Robinson was alarmed back in 2015 when he was preparing his bar for its opening. “Back then, by 9 or 9:30 the area was a ghost town,” he told Arkansas Business. “It’s amazing how that has changed in a short time.” He expects crowds from events at the plaza to pour in afterward “for late-night food and entertainment.” His bar is open nightly until 2 a.m.

Argenta, named in 1866 by Robert C. Newton for the silver his family had mined north of the Arkansas River, is compact and welcoming, Smith said. “It’s not too big and it’s all homegrown with local businesses. But we needed daytime people … we were missing the First Orions of the world.”

Smith dealt a poker metaphor. “With Charles Morgan deciding to come over here, we’re completing the full house; we had gotten up to two pairs, but First Orion gave us the full house, and I expect more development to the east of the trolley barn, to the north of 600 Main, and on other properties.”

Nathan Hamilton, the city’s communications director, credited a willingness to sock away money for years as a key to the plaza-area developments.

“Over the years we sold several different properties, many downtown, with the proceeds designated for a future plaza project,” he said. “One significant property was Smarthouse Way, along the riverfront, that provided about $800,000. About 15 transactions in total generated about $2 million for the project.” That money, along with capital improvement sales tax proceeds from previous years, provided the $4.4 million the City Council appropriated for the plaza in November.

“Downtown belongs to everyone in the city, and I firmly believe that you cannot have a successful city without a successful downtown,” Smith said.

Revitalization has been a priority for Smith since he went to work for Mayor Patrick Henry Hays more than two decades ago. “Urban sprawl had pushed everything out to the edges, and downtown Little Rock and North Little Rock became ghost towns,” he said. “When we started having crime issues in our vacant downtown and in the aging Argenta neighborhood, we had to start doing something.”

Patience Was Key
But the city had to be patient. “We turned down offers over the years, things that wouldn’t complement our growth,” the mayor said. “We’ve been fairly successful in this rejuvenation by having the patience of Job. It’s hard to turn down projects, but when they just don’t fit right, you have to. Now the pieces are falling together correctly.”

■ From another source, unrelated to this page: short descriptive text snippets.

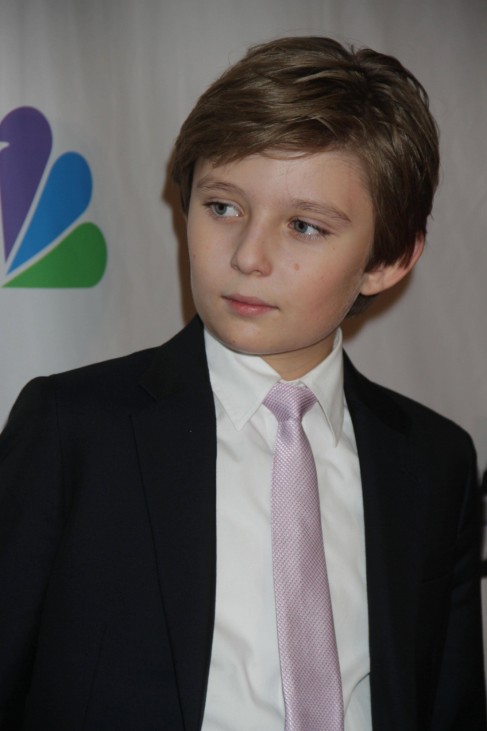 Feb 17 2015 New York New York U S DONALD TRUMP son Barron at the Celebrity Apprentice final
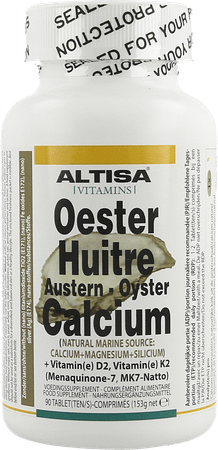 Altisa Ca Oester + D2 + K2 Tabletten 90  -  Dieximport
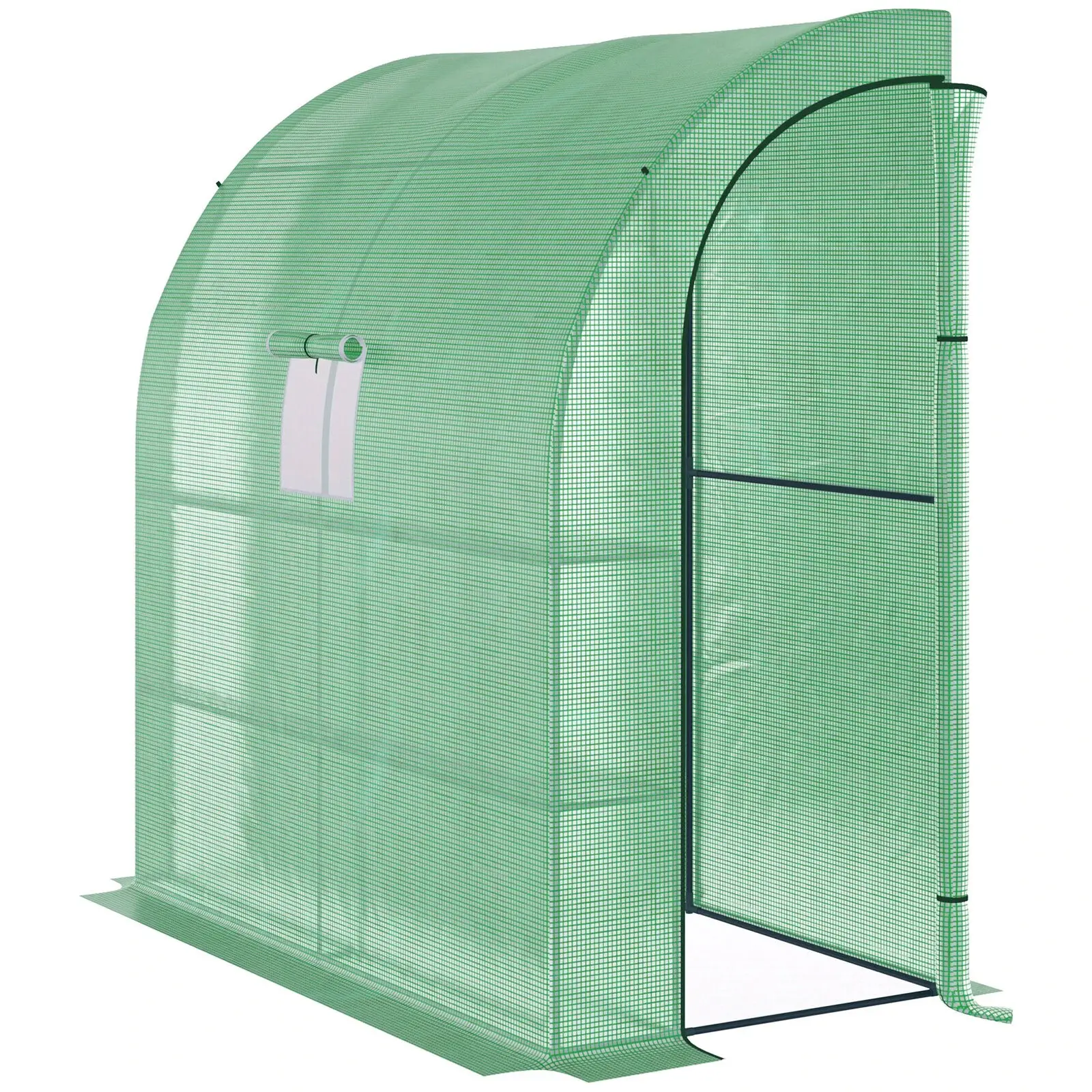 Agricultural Polytunnel  Garden Tunnel Greenhouse   Outdoor Plant Growth Grow Tent Walk-In Greenhouse 2*1m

The plaza project seemed natural for Gray’s architecture firm, which worked on the North Little Rock School District’s new high school and elementary projects, as well as the Hays Senior Center and Argenta Community Theater. “I felt it was an opportunity for a North Little Rock boy to kind of give back, to be part of a revitalization,” Gray said.

But walking into Taggart’s new offices will be bittersweet, Gray predicted. “My old partner, Jerry Currence, died of cancer two years ago, and he had really pushed getting us downtown. So it’ll be a happy day and a sad day when we get there, because Jerry won’t be there with us. But I know he’ll be smiling.”